Exercise: An exact transcription of the lines from the one holding "lavatrice salva spazio" to the end of the entries below, and nothing more, is the required answer. Please omit the pictures.

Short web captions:
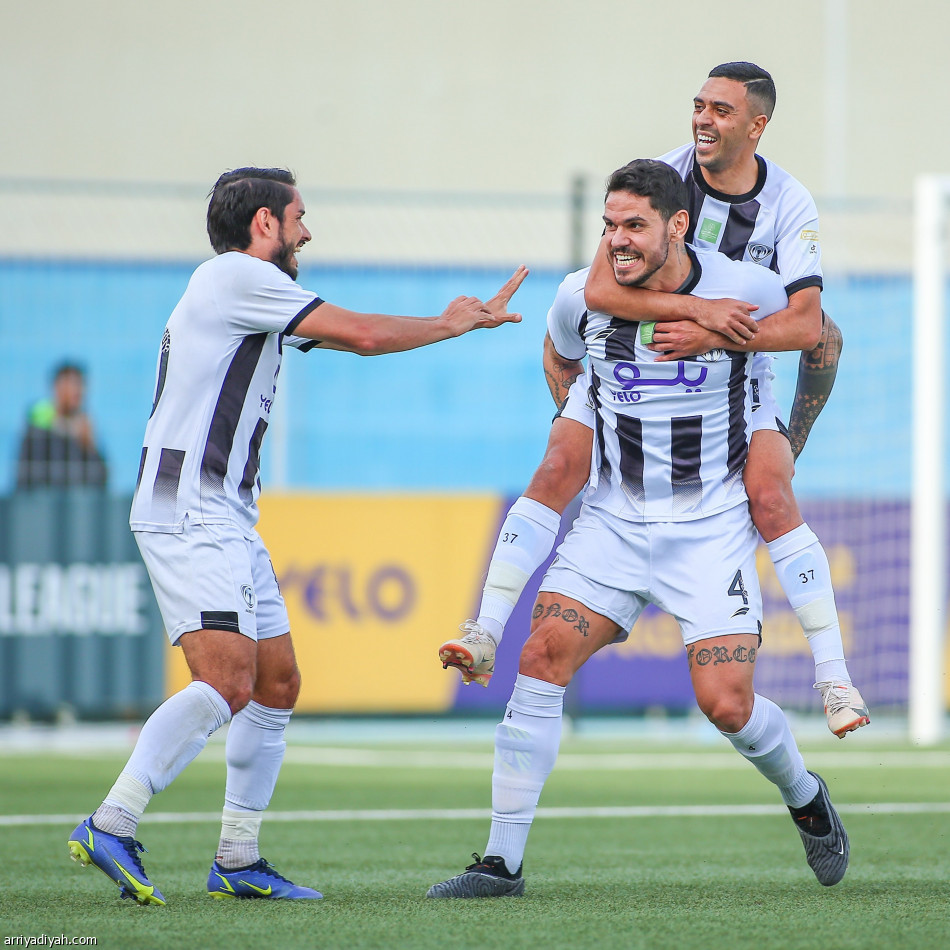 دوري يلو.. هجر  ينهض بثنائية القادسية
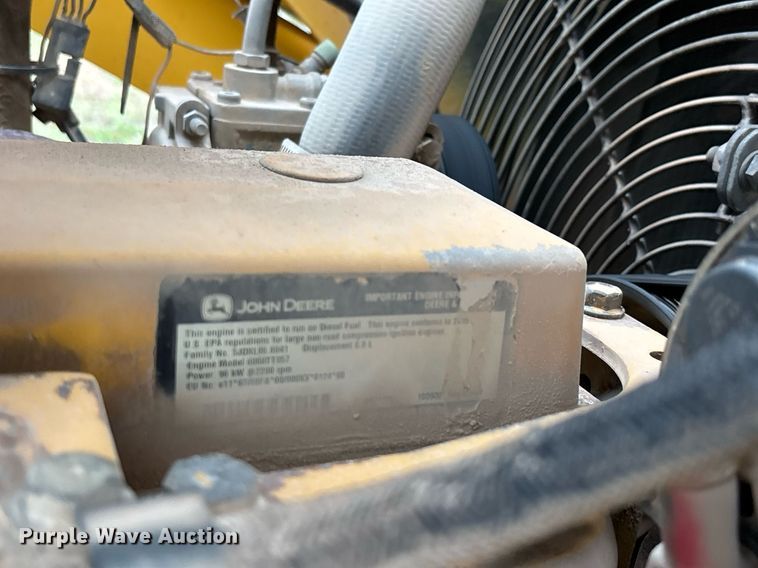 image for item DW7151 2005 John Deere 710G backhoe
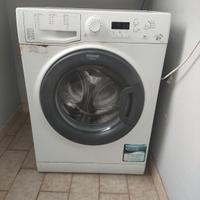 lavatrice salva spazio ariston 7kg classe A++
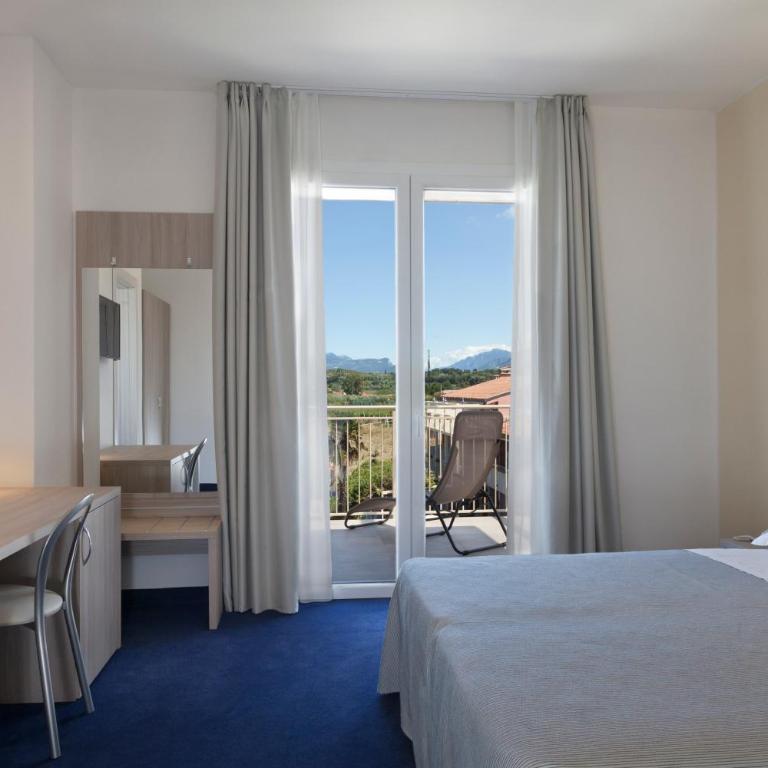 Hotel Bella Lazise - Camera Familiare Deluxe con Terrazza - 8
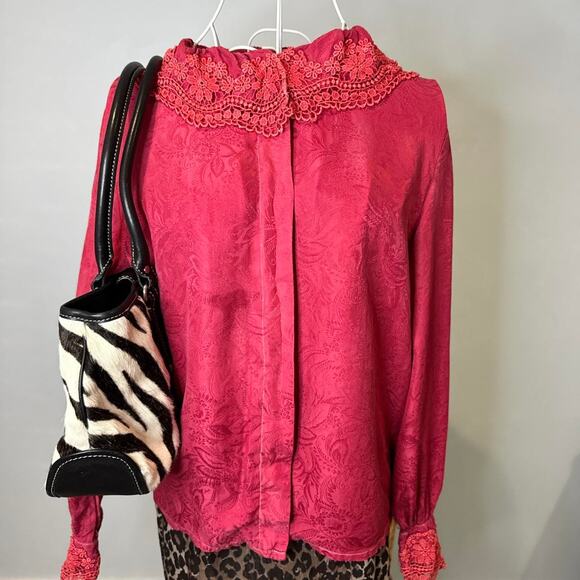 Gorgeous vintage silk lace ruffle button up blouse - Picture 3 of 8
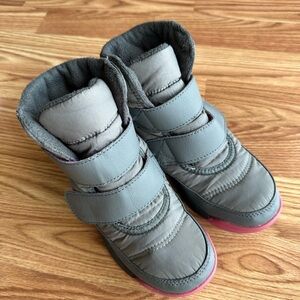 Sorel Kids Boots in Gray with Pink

Task output:
 lavatrice salva spazio ariston 7kg classe A++
 Hotel Bella Lazise - Camera Familiare Deluxe con Terrazza - 8
 Gorgeous vintage silk lace ruffle button up blouse - Picture 3 of 8
 Sorel Kids Boots in Gray with Pink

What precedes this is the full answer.